By Scott Hiaasen and Jenny Staletovich
Scavenging the remnants of South Florida’s housing crisis, a partnership called Presscott Rosche appeared to gobble up almost three dozen foreclosed homes in Miami-Dade County last year. The company is currently listed as the owner of 12 homes worth about $3.5 million, according to the Miami-Dade property appraiser.
But this seemingly thriving business is, in many ways, an illusion. The name of the company’s agent listed in state records is fake. So are many of the deeds the company has filed in Miami-Dade Circuit Court to stake its claim to more than 30 houses and condos, a Miami Herald investigation has found.
The company has gained control of these homes — renting them out to unsuspecting tenants, in some cases — by filing dubious deeds and documents filled with legal-sounding jargon and shoddy punctuation. The author of many of these documents calls himself an “attorney in fact,” though he is not, in fact, a licensed attorney in Florida.
“I never saw anything like that. It wasn’t even spelled right,” said Shelley Hallen, an actual attorney who beat back Presscott Rosche’s efforts to evict four college students from a Coral Gables house last fall.
“They’re brazen,” said Frank Lopez, who says he found three people from Presscott Rosche inside a $700,000 Kendall house he owns. “They forged my signature, forged my wife’s signature.”

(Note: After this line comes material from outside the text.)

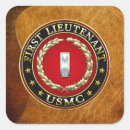 Recherche de lieutenant autocollants Sendoff de l'usmc 1stlt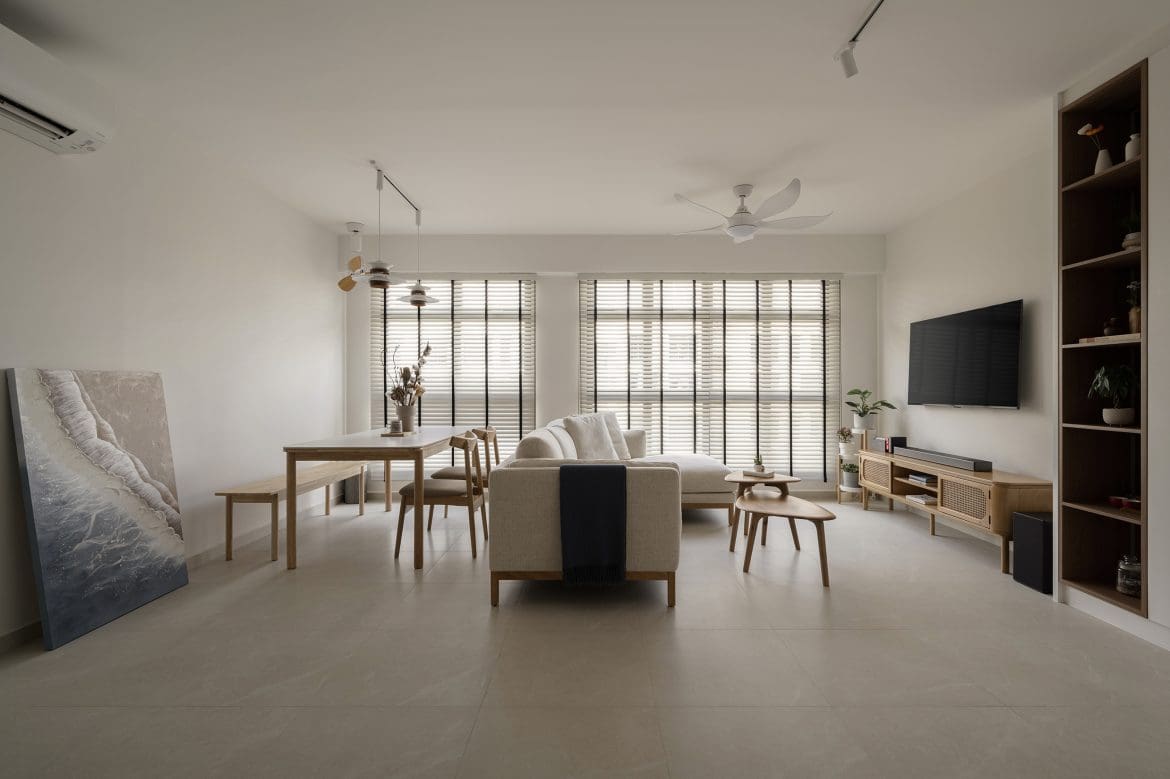 Modern interior design style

Despite complaints about the company, Presscott Rosche has managed to vex police and prosecutors: A Presscott Rosche associate was arrested for burglary in November for allegedly breaking into a vacant home, yet Miami-Dade prosecutors dropped the case, saying they couldn’t prove the man didn’t have permission to use the house.
Miami-Dade police detectives are continuing to investigate the company for possible fraud, The Herald has learned. Presscott Rosche representatives declined to comment or could not be reached.